V. Es ist weiterhin die Rechtmäßigkeit der Zwangsgeldandrohung zu prüfen. Anwendbar sind die Vorschriften des (Landes-) Verwaltungsvollstreckungsrechts (vgl. §§ 55 I, 62, 63 VwVG NRW).

1. Grundverfügung ist der VA vom 17. 9., soweit er nach § 35 I 1 GewO rechtmäßig ist und Bestand behält. Eine Vollstreckbarkeit braucht bei der Androhung noch nicht vorzuliegen, sondern ist Voraussetzung erst bei der Festsetzung, zumal wenn - wie üblich und auch im vorliegenden Fall - die Androhung bereits mit der Grundverfügung verbunden wird.

2. Grundsätzlich ist, wenn eine unvertretbare, nur persönlich vorzunehmende Handlung erzwungen werden soll, die Androhung von Zwangsgeld das geeignete Zwangsmittel. 1.500 Euro sind auch nicht unverhältnismäßig hoch. Bedenken bestehen, weil K möglicherweise nicht über einen solchen Betrag verfügt, so dass er ihn im Falle der Zuwiderhandlung nicht zahlen könnte und auch eine Betreibung keinen Erfolg hat. Andererseits steht die Wirkungslosigkeit eines Zwangsgeldes nicht fest. Es ist der Behörde gestattet, die Durchsetzung der Verfügung durch ein Zwangsgeld zunächst zu versuchen, ehe sie zum schärferen Mittel eines unmittelbaren Zwanges greift.

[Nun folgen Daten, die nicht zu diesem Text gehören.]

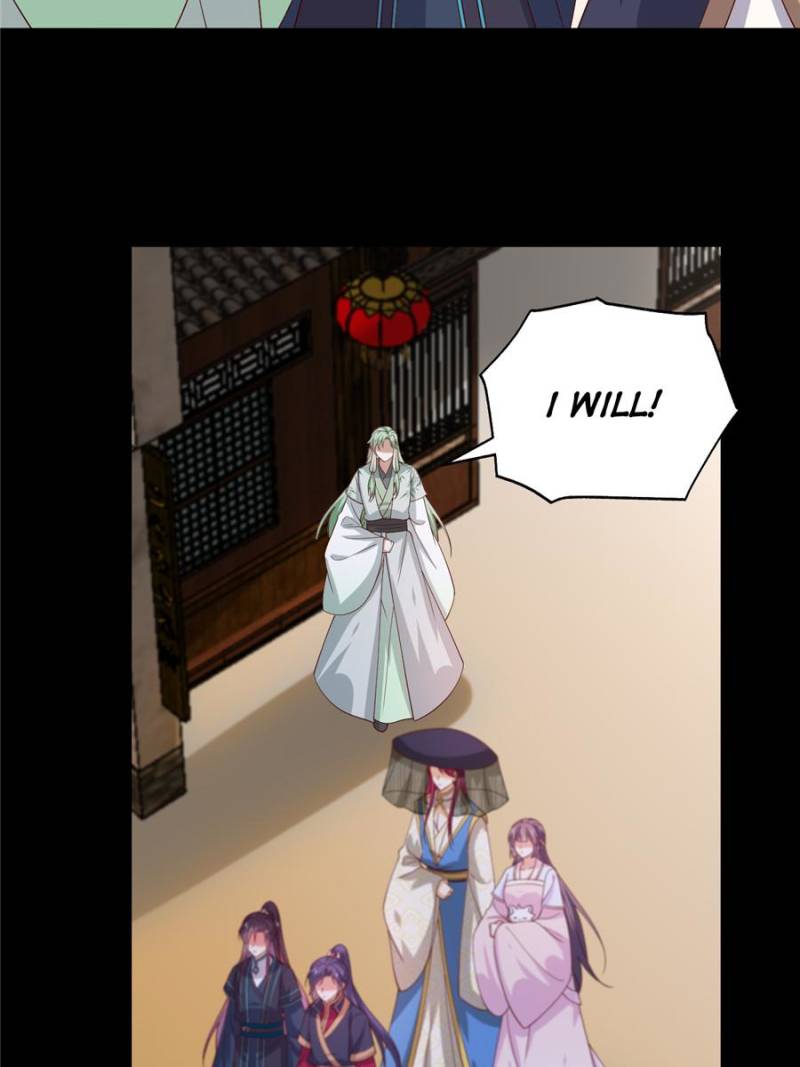 Pupillary Master Chapter 376 - Page 14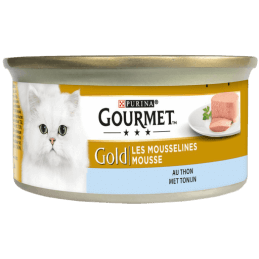 GOURMET® Gold Mousseline...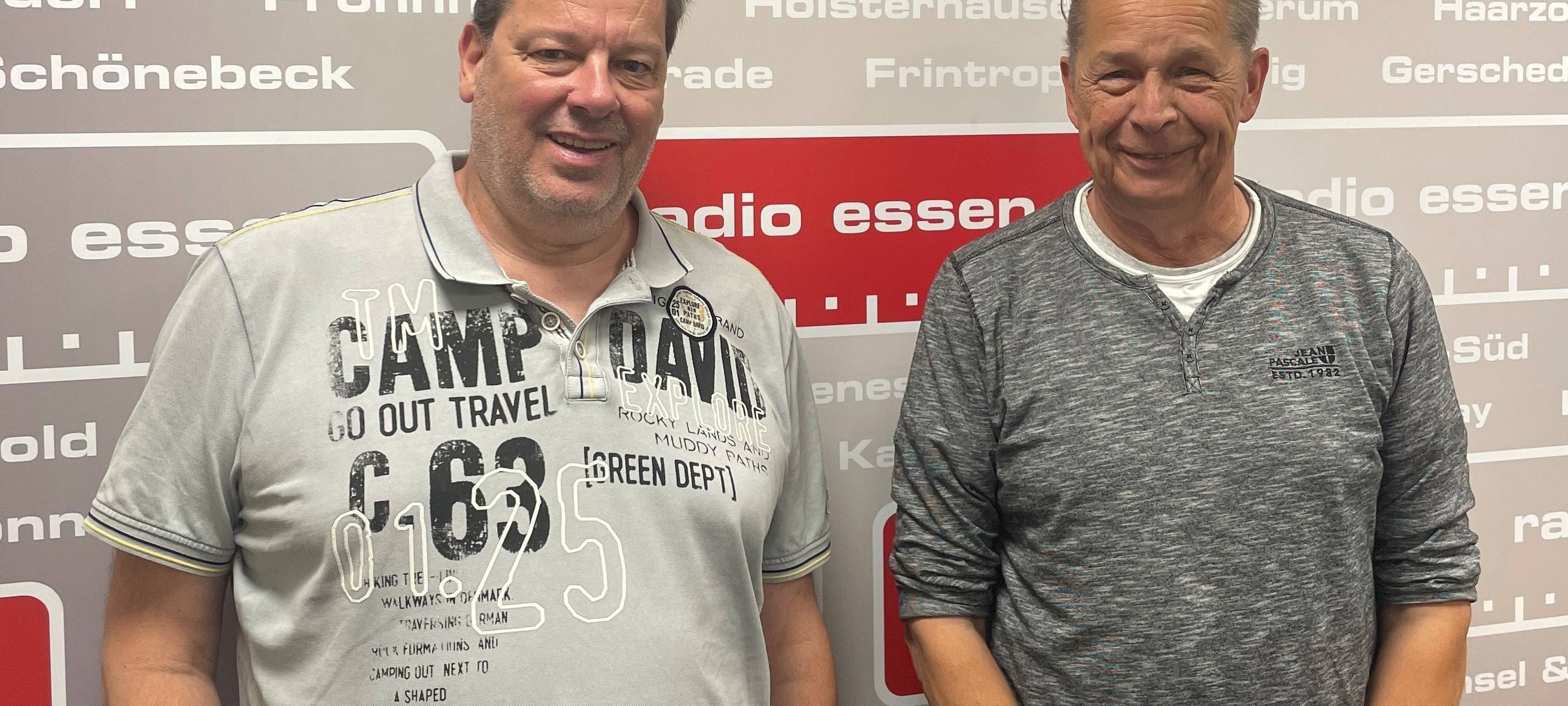 Neuer Betroffenenbeirat im Bistum Essen will präsenter sein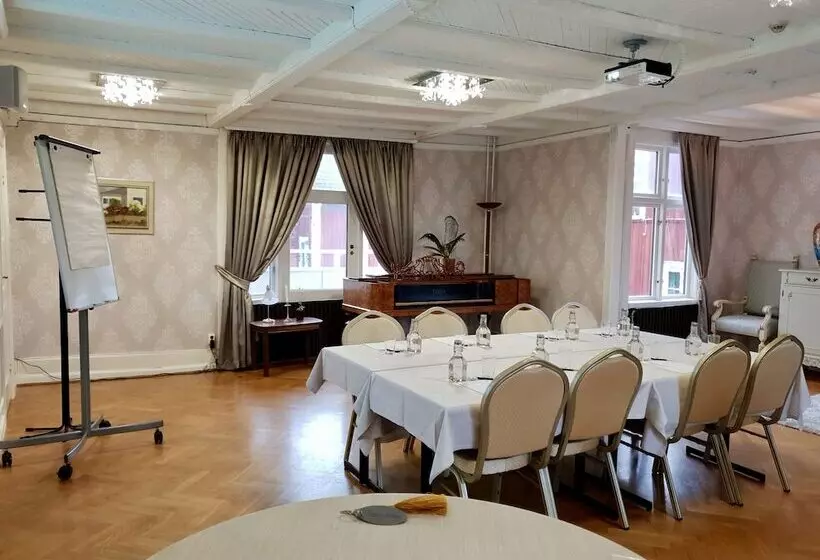 Grenna Hotell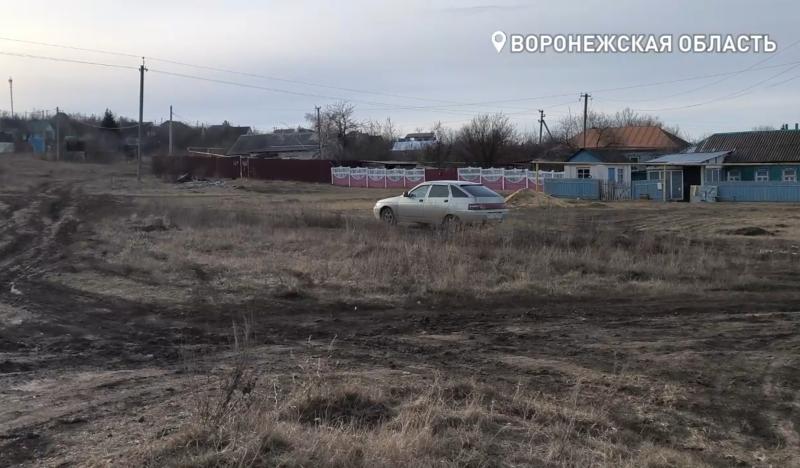 «Хотим дорогу — покупайте вертолет», - такой «совет» дают жителям села Ендовище в местной администрации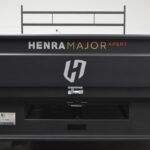 Henra PL 703 248 3500 3 Black Bottom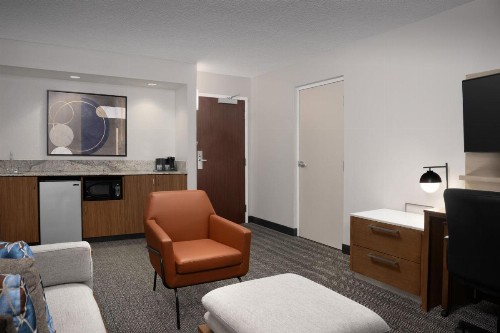 Courtyard by Marriott Orlando East/UCF Area - image 26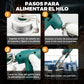 Soldador Eléctrico 80W de Alta Eficiencia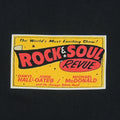 2004 Rock & Soul Revue Shirt Detail 1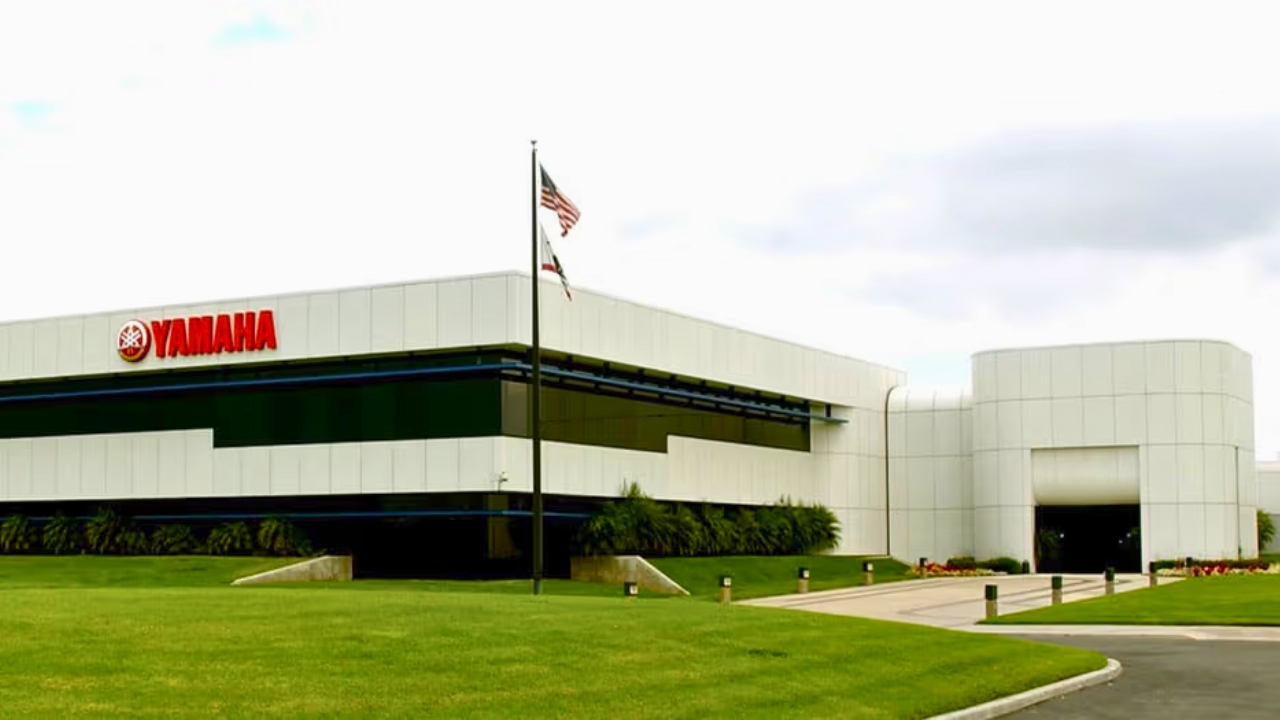 Disney Purchases Campus From Yamaha Near Disneyland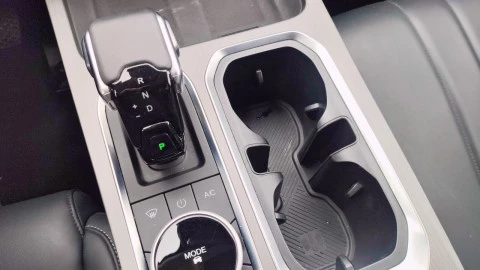 Jaecoo 7 Select 1.6 TGDI 108kW (145CV) FWD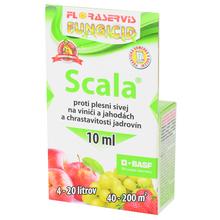 SCALA 10ml - Chemická | FLORASYSTEM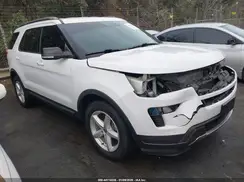 1FM5K7D85JGA51667 2018 FORD EXPLORER
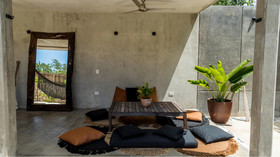 Casa Macarena
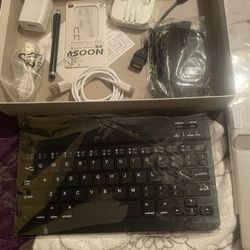 Tablet Accessories 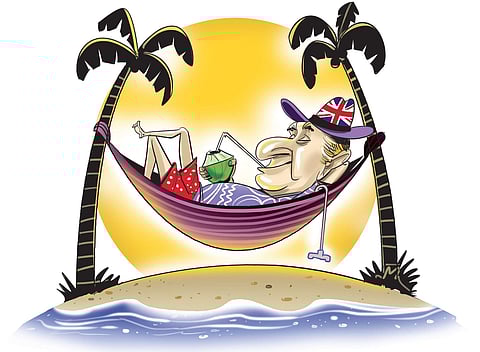 Image for representational purpose only.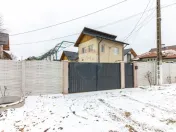 Casă / Vilă de vânzare Picior de Munte, Dambovita 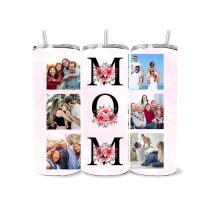 Custom Photo Frame Mother's Day Main Image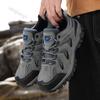 Fashion Outdoor Travel Hiking Shoes 2025 New  Fashion Comfortable Non Slip  Men's Casual Sport Shoes Mesh Breathable Walking Shoes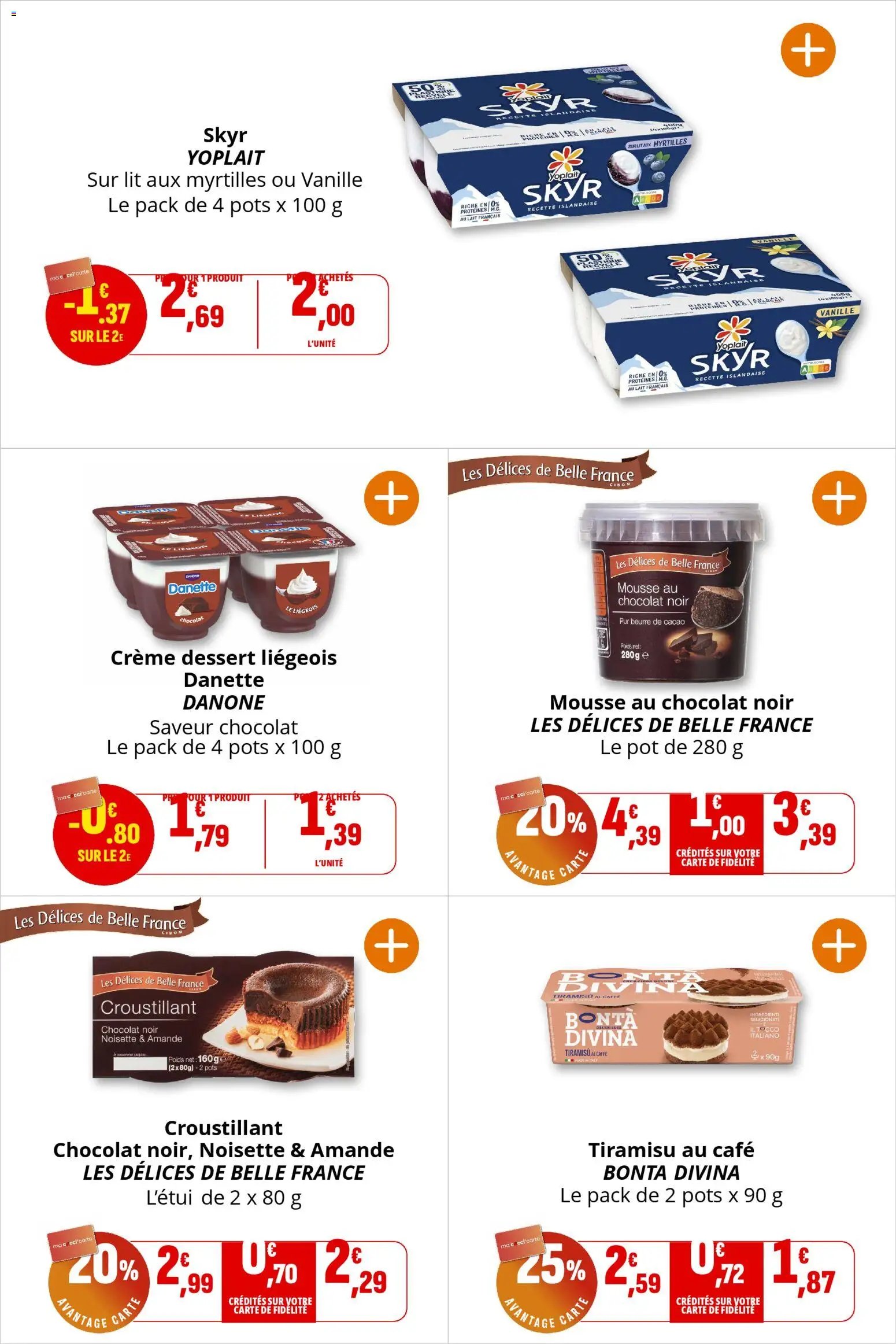 Coccinelle catalogue à partir du 17/12/2025 Market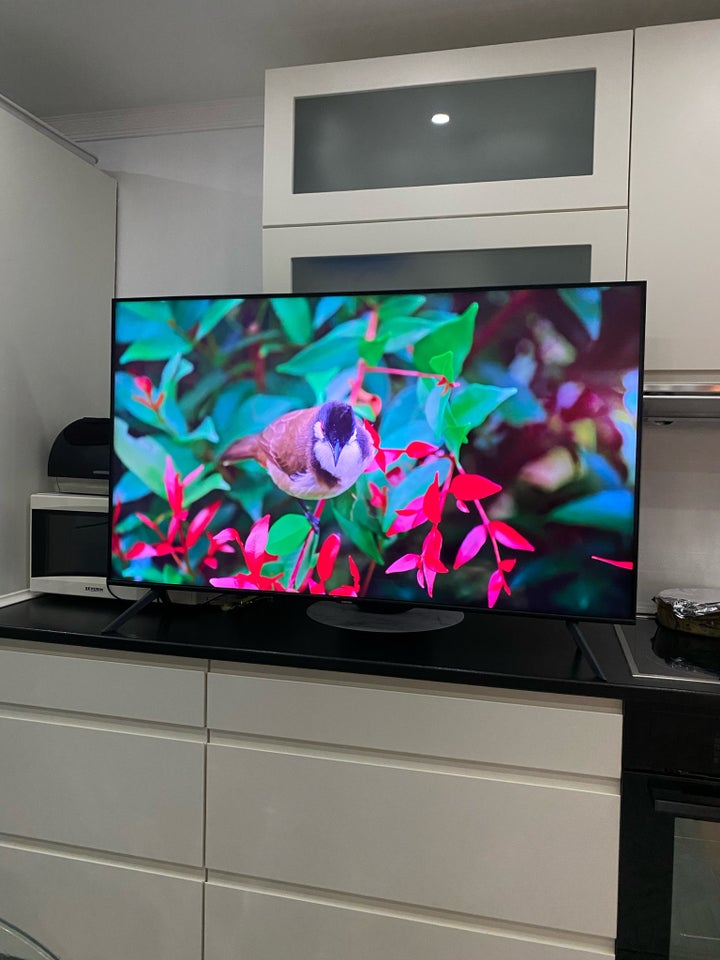 LED, Samsung, 50"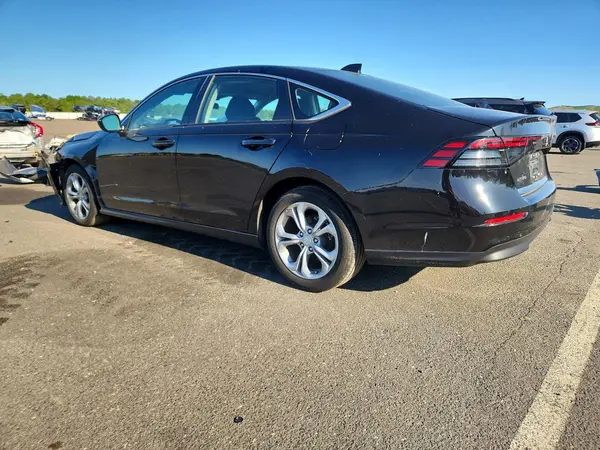 1HGCY1F22RA054056 2024 HONDA ACCORD - Image 2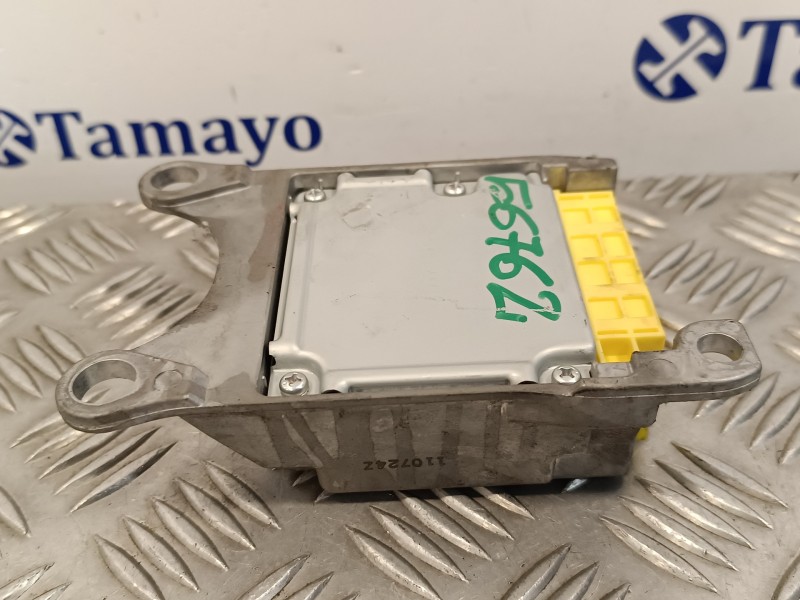 Recambio de centralita airbag para toyota prius (nhw30) 1.8 16v cat referencia OEM IAM 8917047460  2310006470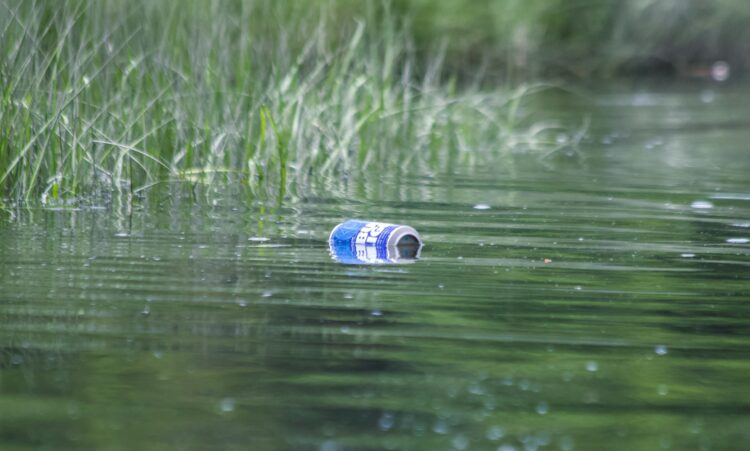 A Frothy Fight: Beer Wars!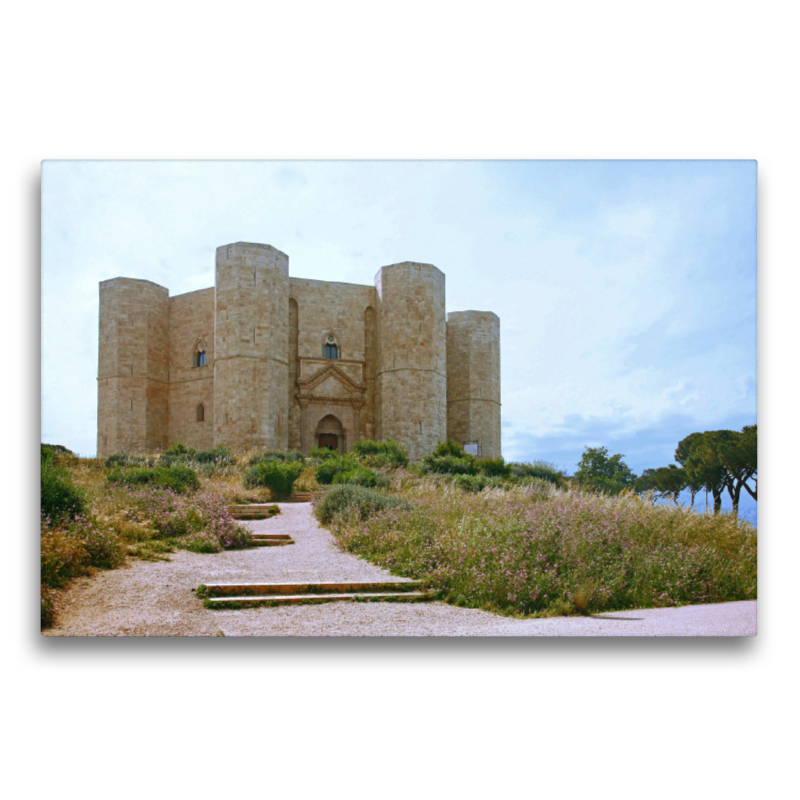 Castel del Monte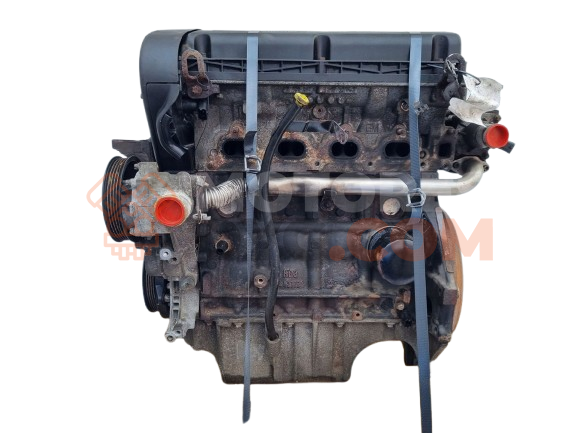 Motor Z 16 XE1 Opel Insignia Hatchback (Versión 2013) 1.6 CDTI (120 cv)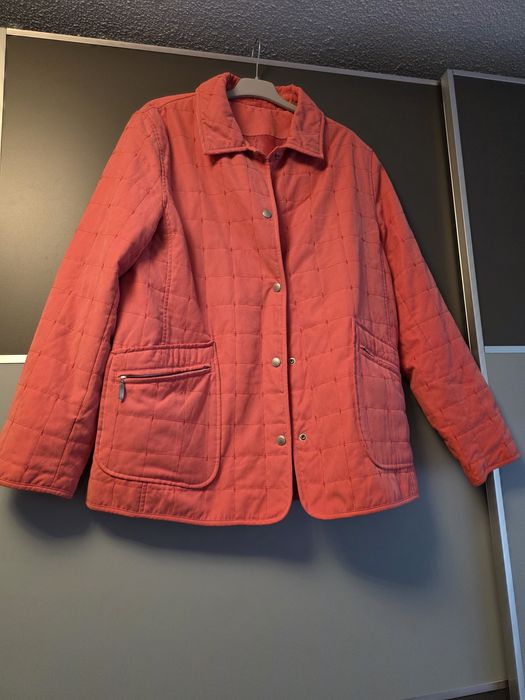 Geacă Damă mărimea 42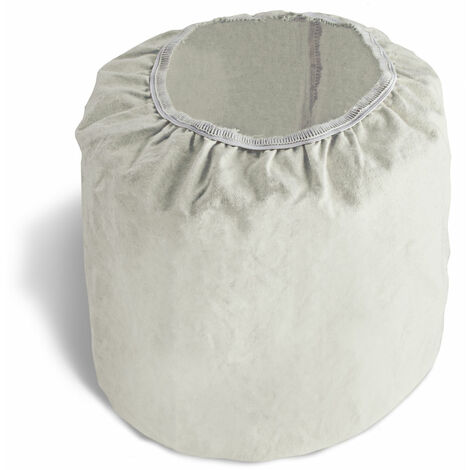 Filtro per Sporco Grossolano per MENZER Aspiratore Industriale VCL 320 / 330, VCM 330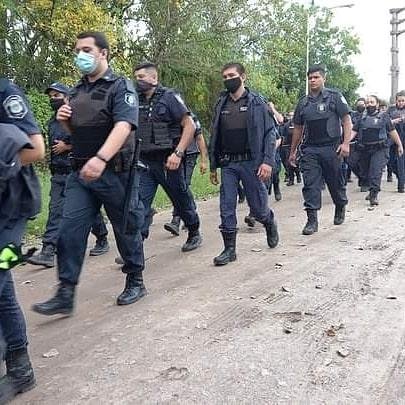 Tehuel: la causa tiene otro detenido, pero el joven no aparece y crece la angustia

3. Allerdings könnten wiederum Sinn und Zweck des § 12 GewO entgegenstehen, weil die auf tatsächliche Einstellung des Betriebs gerichtete Vollstreckung die Sanierung des Unternehmens im Insolvenzverfahren erheblich erschweren, wenn nicht unmöglich machen würde. Andererseits wäre es inkonsequent, die Untersagungsverfügung für rechtmäßig zu erklären, aber deren Durchsetzung nicht zu ermöglichen. Auch insoweit bleibt dem Betroffenen die Möglichkeit, sich durch ernsthafte Sanierungsbemühen und einen damit verbundenen Antrag auf Wiedergestattung der Gewerbeausübung die Möglichkeit der Sanierung zu erhalten. Zeichnet sich eine solche Entwicklung ab, wäre die Anwendung des Zwangsmittels ermessensfehlerhaft und könnte durch K verhindert werden (so OVG Münster NVwZ-RR 2011, 553, 555). Die Androhung des Zwangsgeldes bleibt aber rechtmäßig. BVerwG [28] hat hierzu nur ausgeführt: Revisionsrechtlich nicht zu beanstanden ist auch die vom BerGer. bejahte Rechtmäßigkeit der Zwangsgeldandrohung…. Und in LS 3: § 12 Satz 1 GewO normiert kein Verbot der Vollstreckung von Gewerbeuntersagungen für die Dauer des Insolvenzverfahrens.


C. Über die Anfechtungsklage ist also wie folgt zu entscheiden: Soweit der VA vom 17. 9. die Gewerbeuntersagung auf eine Tätigkeit als Vertretungsberechtigter eines Gewerbetreibenden und auf die Tätigkeit als Leiter eines Gewerbebetriebes erstreckt, wird er aufgehoben. Soweit der VA dem K die selbstständige Ausübung des von ihm betriebenen Gewerbes untersagt und ein Zwangsgeld androht, wird die Klage abgewiesen.